TOKYO (AP) — Asian shares were mostly higher but little changed Tuesday, as global investors were relieved to see that the attack on Syria likely won't escalate but worries remained about U.S.-China trade tensions.
KEEPING SCORE: Japan's benchmark Nikkei 225 erased initial gains to be virtually unchanged, up less than 0.1 percent at 21,837.39 in morning trading. Australia's S&P/ASX 200 added 0.3 percent to 5,860.00. South Korea's Kospi was little changed at 2,455.87, erasing initial gains. Hong Kong's Hang Seng added 0.1 percent at 30,349.97, while the Shanghai Composite edged up less than 0.1 percent at 3,111.73.
CHINA FACTOR: China's economic growth held steady in the quarter ending in March, buoyed by investment and rapid growth in e-commerce despite trade tensions with Washington. The world's second-largest economy expanded by 6.8 percent over a year earlier, in line with the quarter ending in December and down slightly from 2017's full-year expansion of 6.9 percent, data showed Tuesday.
GEOPOLITICAL FACTOR: Investors are starting to put aside concerns over the geopolitical tensions that led to Friday night's missile attack by the U.S., Britain and France on Syria's chemical weapons program. On Monday, the White House said it was considering imposing additional sanctions on Russia, a key ally of Syrian leader Bashar Assad.
WALL STREET: The S&P 500 index rose 21.54 points, or 0.8 percent, to 2,677.84. The Dow Jones industrial average gained 212.90 points, or 0.9 percent, to 24,573.04. The Nasdaq added 49.63 points, or 0.7 percent, to 7,156.28. The Russell 2000 index of smaller-company stocks picked up 13.52 points, or 0.9 percent, to 1,563.03.

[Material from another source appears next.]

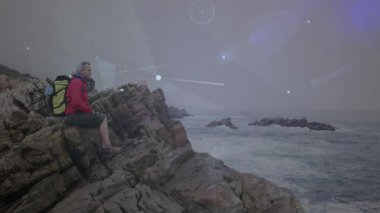 Uçurumda oturan erkek yürüyüşçü teknolojiyi kullanarak ışıldayan canlı veri hatlarını haritalandırıyor. Macera, keşif, yenilik, doğa, bağlantı, teknoloji, vahşi yaşam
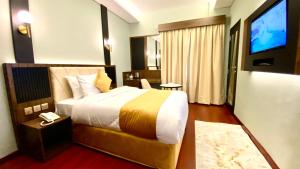 迪拜Concorde Inn Hotel的酒店客房,配有床和电视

THE QUOTE: "Concerns on situation in Syria have eased as market saw U.S.-led air strikes largely as a one-off event rather than an ongoing crisis," said Zhu Huani of Mizuho Bank in Singapore. "While there have been tentative evidences of de-escalation of trade tension, there are still lingering risks beneath the surface."
ENERGY: Benchmark U.S. crude added 35 cents to $66.57 a barrel. It declined $1.17 to settle at $66.22 per barrel on the New York Mercantile Exchange on Monday. Brent crude, which is used to price international oils, rose 27 cents to $71.69 per barrel.
CURRENCIES: The dollar fell to 107.05 yen from 107.21 yen late Monday. The euro strengthened to $1.2380 from $1.2366.